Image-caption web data
'''

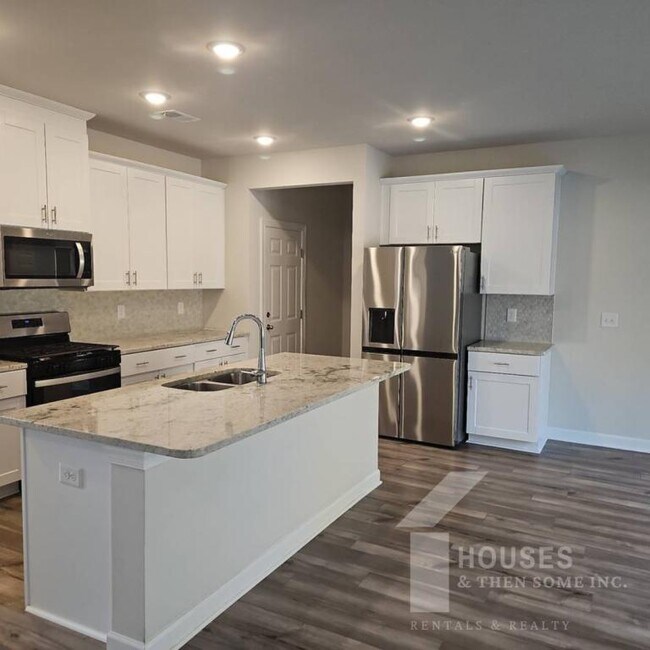 Building Photo - 185 Vickery Rd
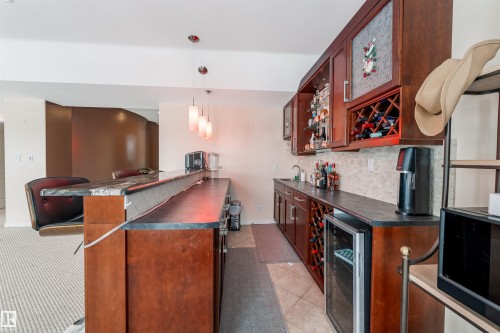 20524 58 Avenue, Edmonton, AB - Indoor Photo Showing Kitchen
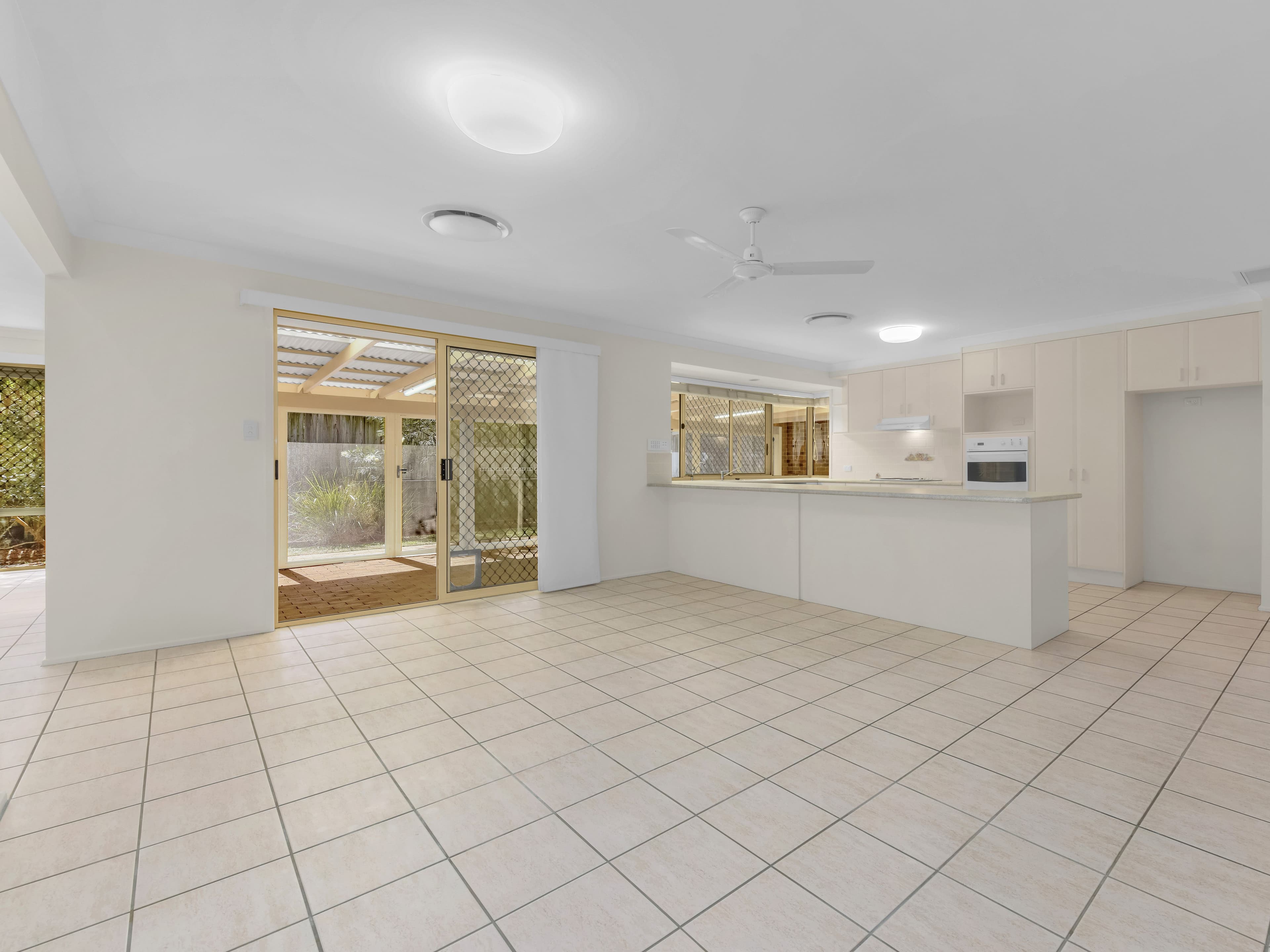 7 Kensington Place, Bridgeman Downs QLD 4035, Bridgeman Downs - Thumbnail 5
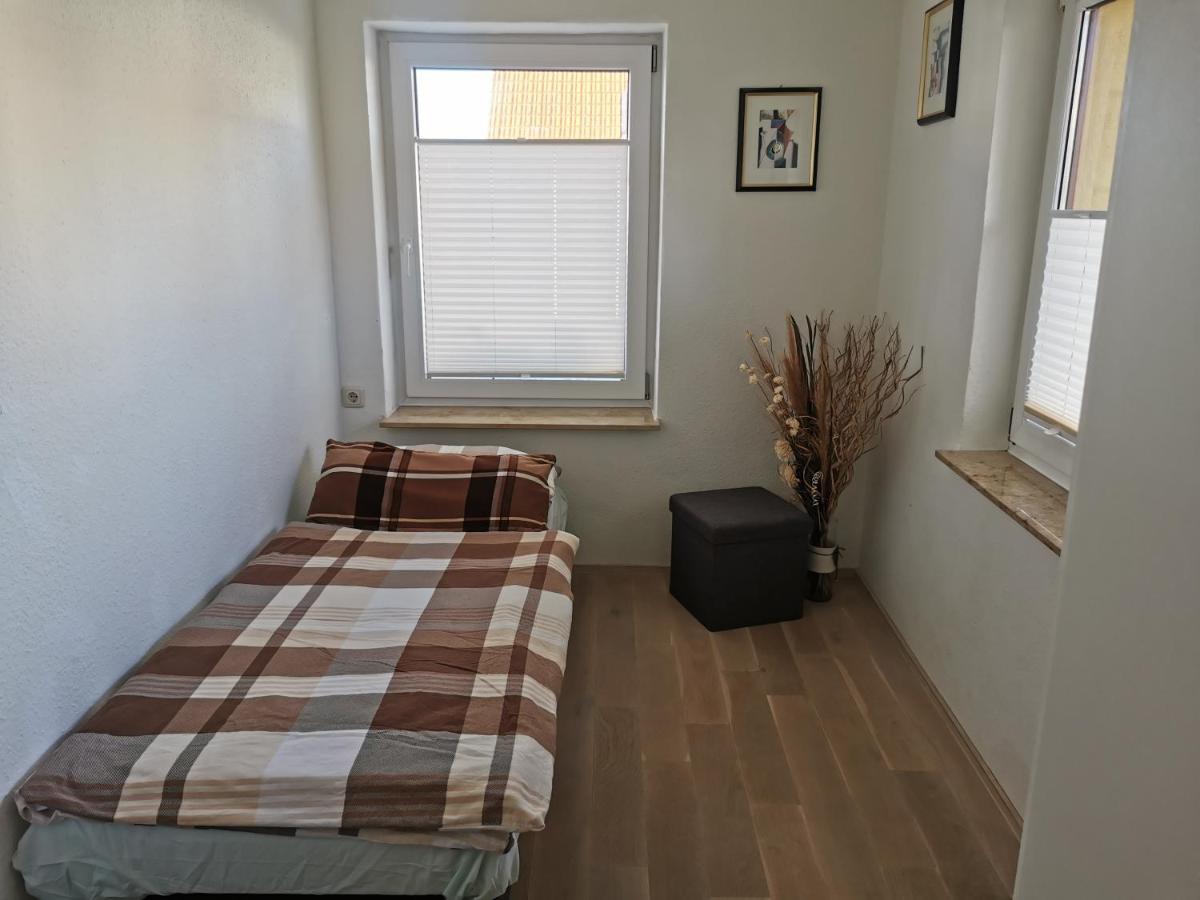 Ferienwohnung Und Pension Guertler Werdau Buitenkant foto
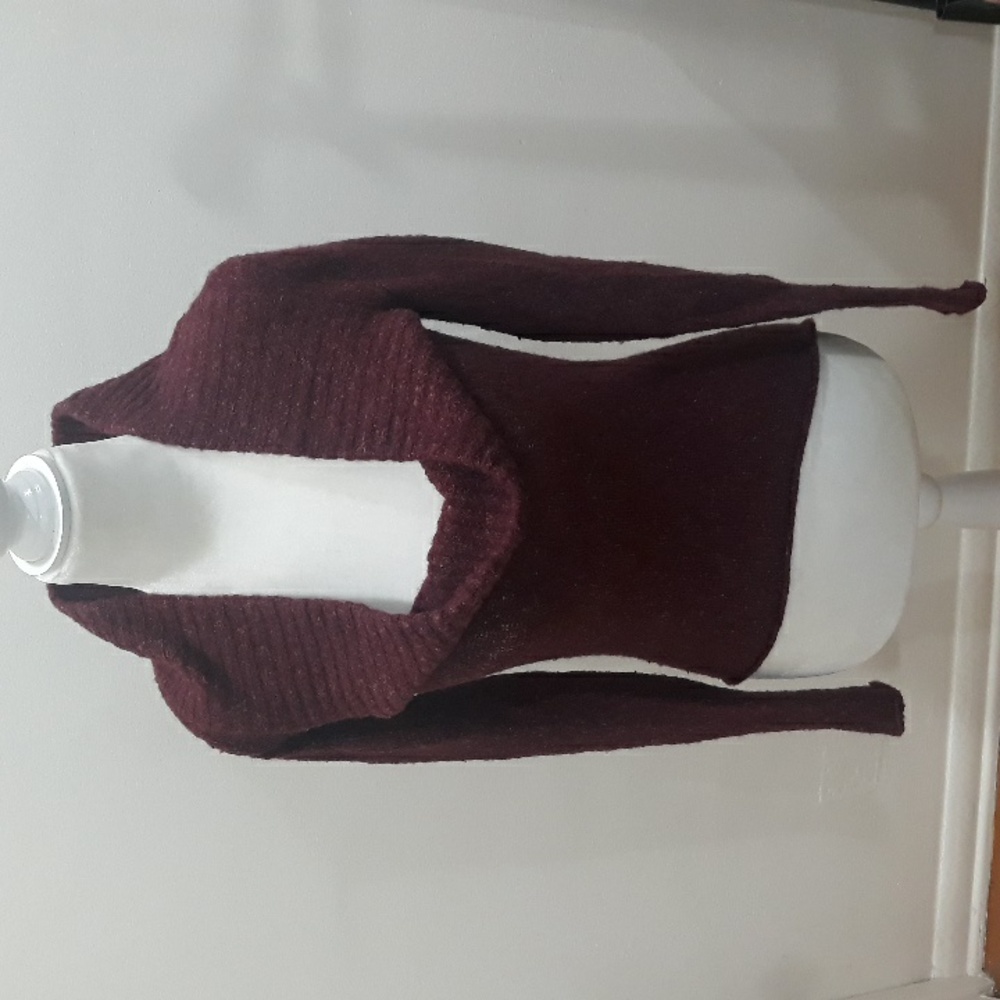 BCBG  red sweater size XS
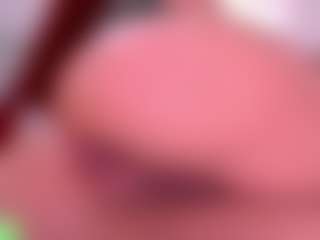 Live cam show with Ailinups - Double Penetration on SmokeAndPoke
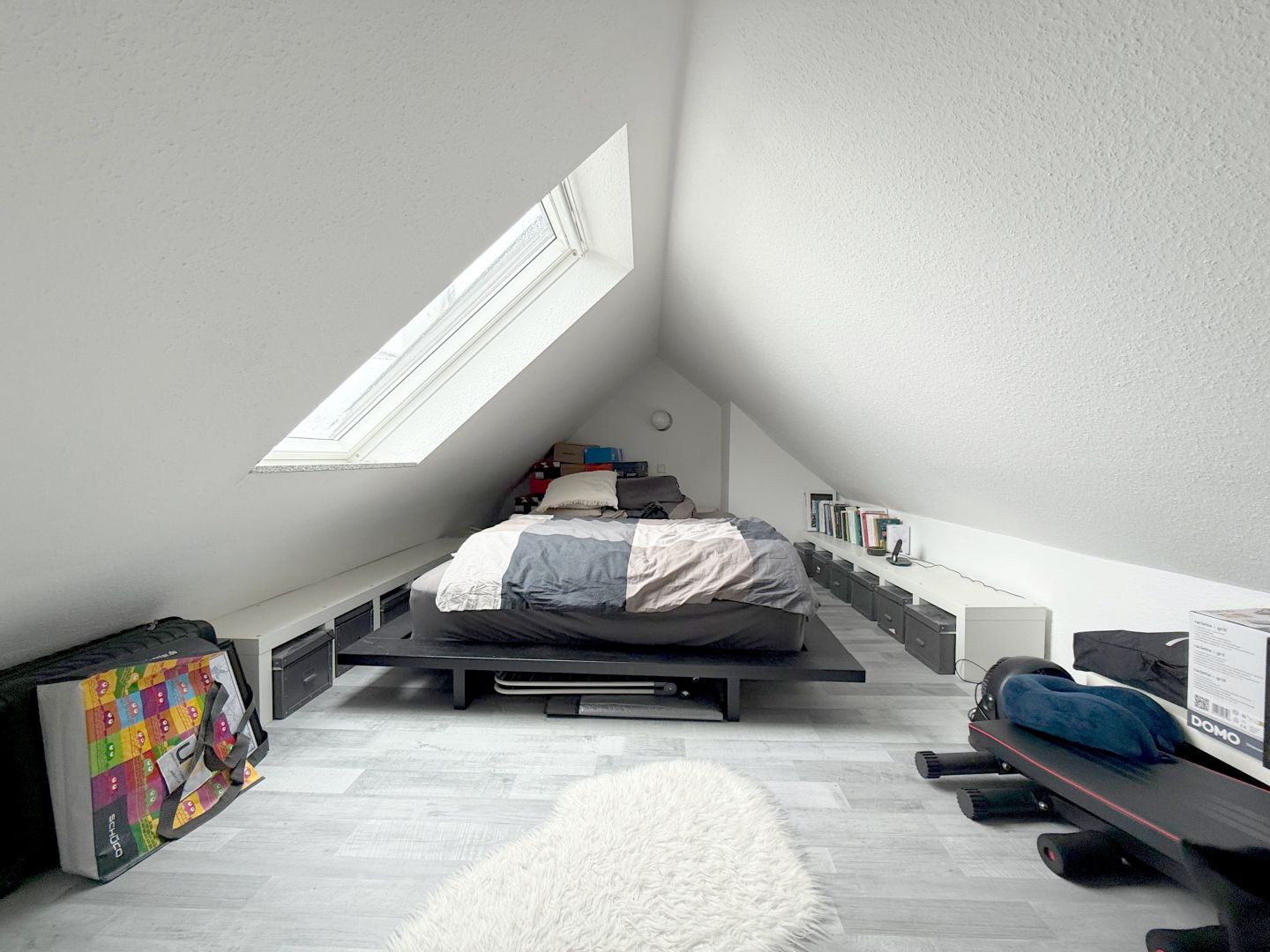 Ansicht 7 von: Im Herzen von Neuss: Zentrales und modernes Apartment im DG mit Klimaanlage und Tageslichtbad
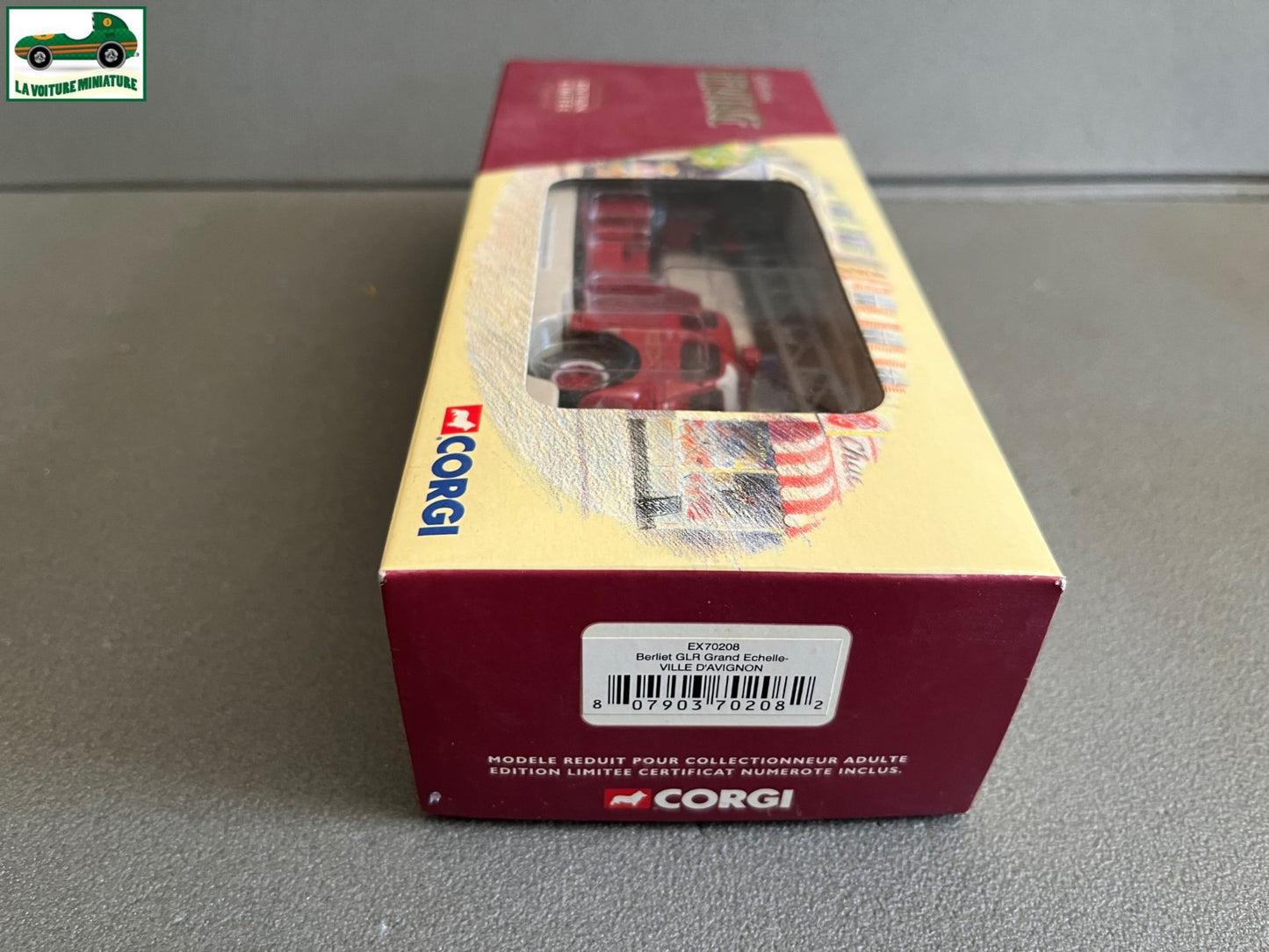 Voiture Miniature Camion Pompiers Berliet GLR Grande Echelle Avignon Corgi 1/50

'''

WORK TASK ->
All lines between the one that contains "sweater size XS" and the end of the records above, both included, are to be returned exactly as they stand, except for pictures, which are omitted.

EXERCISE OUTPUT ->
 BCBG  red sweater size XS
 Live cam show with Ailinups - Double Penetration on SmokeAndPoke
 Ansicht 7 von: Im Herzen von Neuss: Zentrales und modernes Apartment im DG mit Klimaanlage und Tageslichtbad
 Voiture Miniature Camion Pompiers Berliet GLR Grande Echelle Avignon Corgi 1/50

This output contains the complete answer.